BEGIN INPUT RECORDS

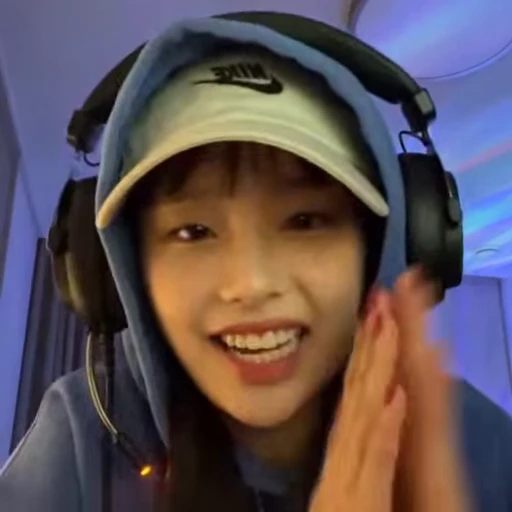 🗯 Стикер «chuu / LOONA» для Telegram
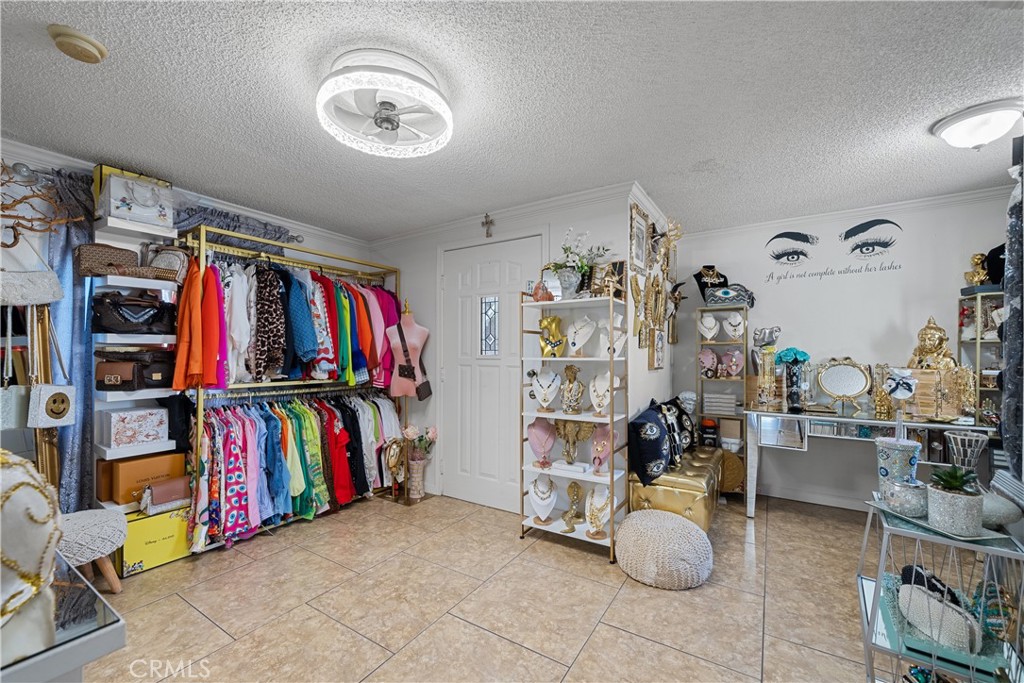 178 E 49th Street Property Photo 15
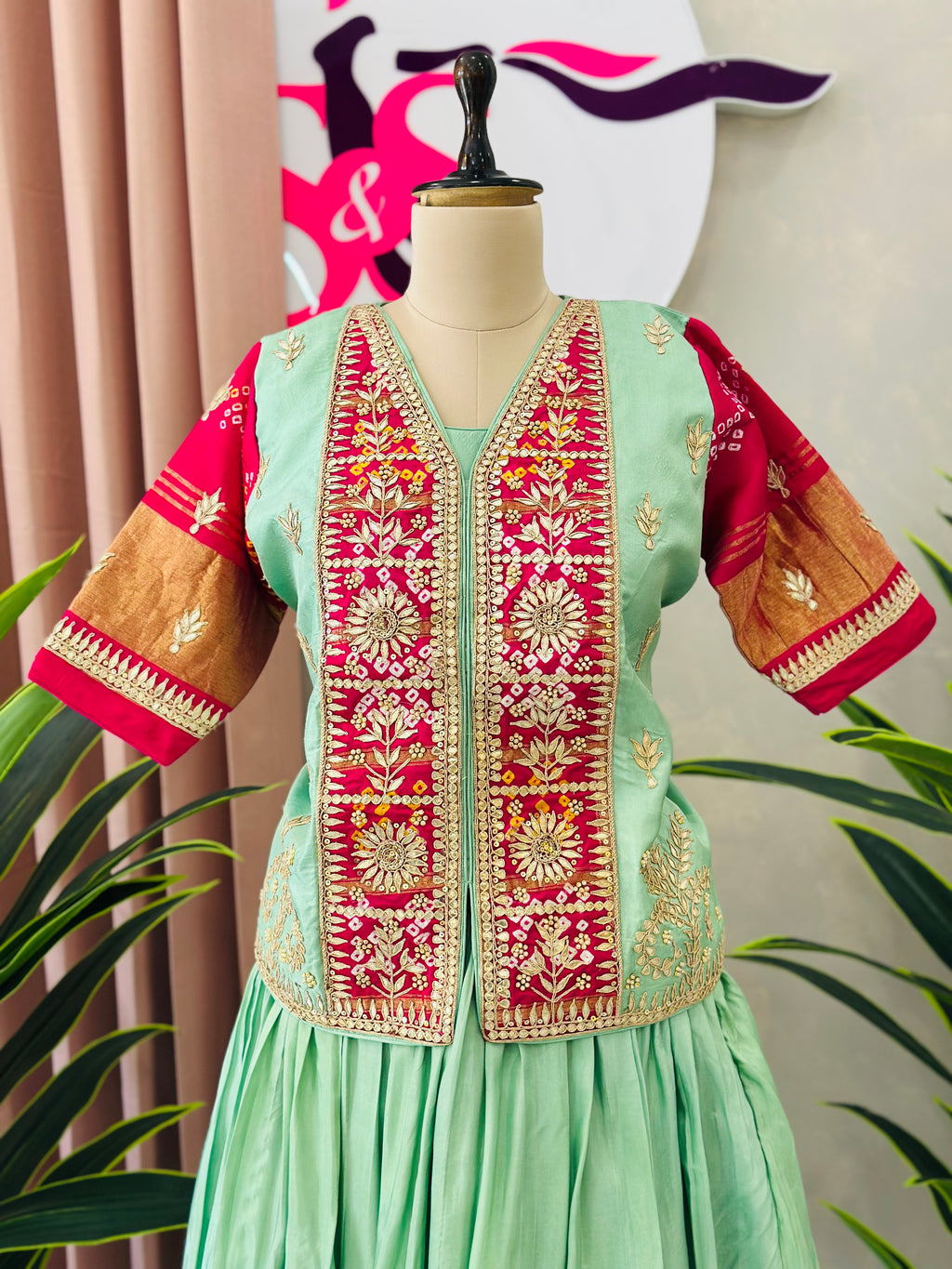 INDO-FUSION GHARCHOLA SKIRT SET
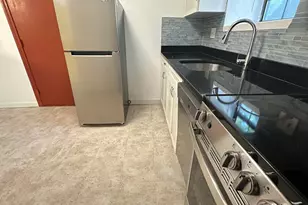 8 Jackson St, Quincy, MA 02169 - Photo 9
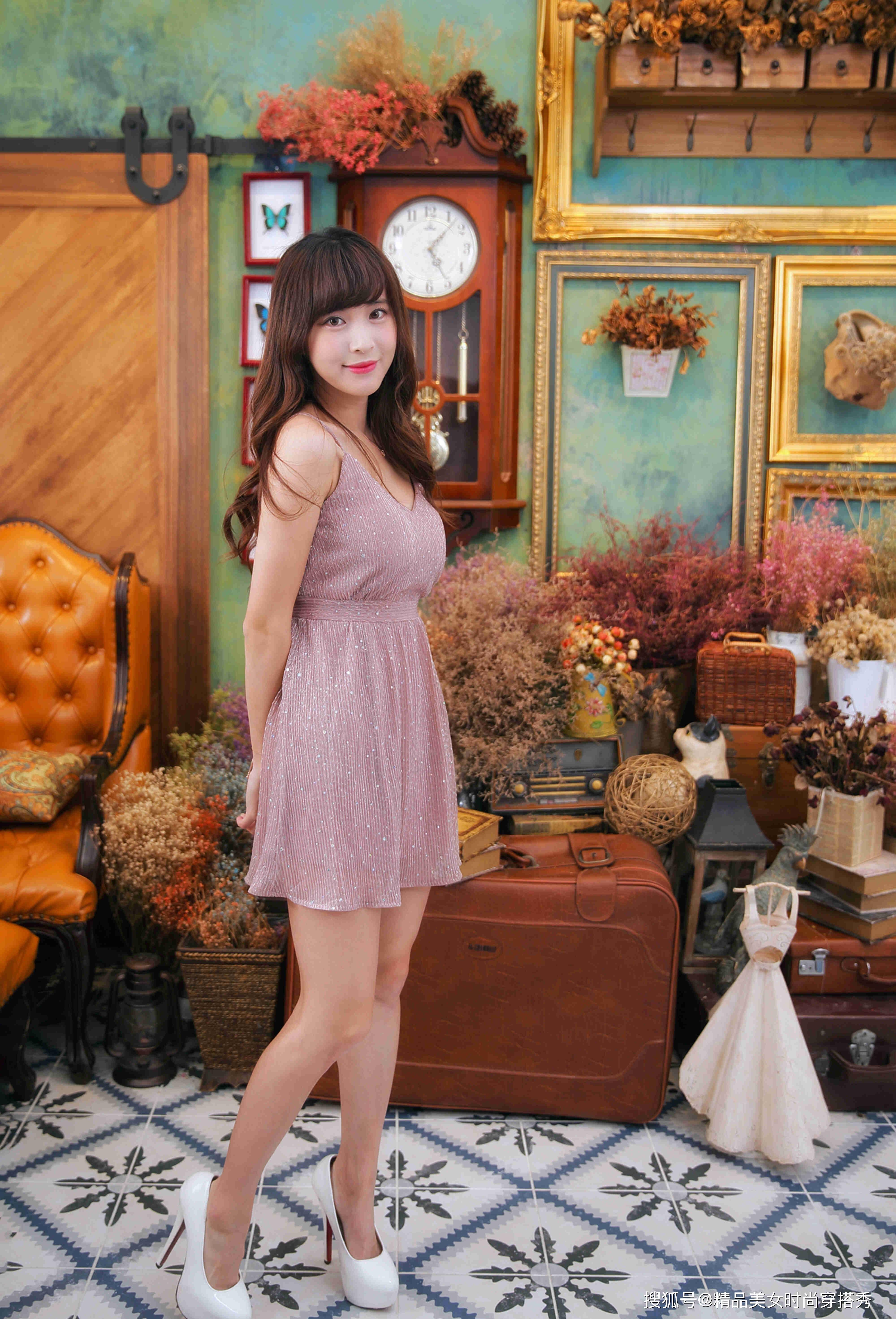 风琴 小情侣约会穿搭，暗紫色吊带裙，甜美又优雅范十足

END INPUT RECORDS

TASK DIRECTIONS: Write out exactly the lines beginning with the line that holds "178 E 49th Street Property Photo 15" and ending with the final line of the data, both ends included, without the pictures.

YOUR RESPONSE:
 178 E 49th Street Property Photo 15
 INDO-FUSION GHARCHOLA SKIRT SET
 8 Jackson St, Quincy, MA 02169 - Photo 9
 风琴 小情侣约会穿搭，暗紫色吊带裙，甜美又优雅范十足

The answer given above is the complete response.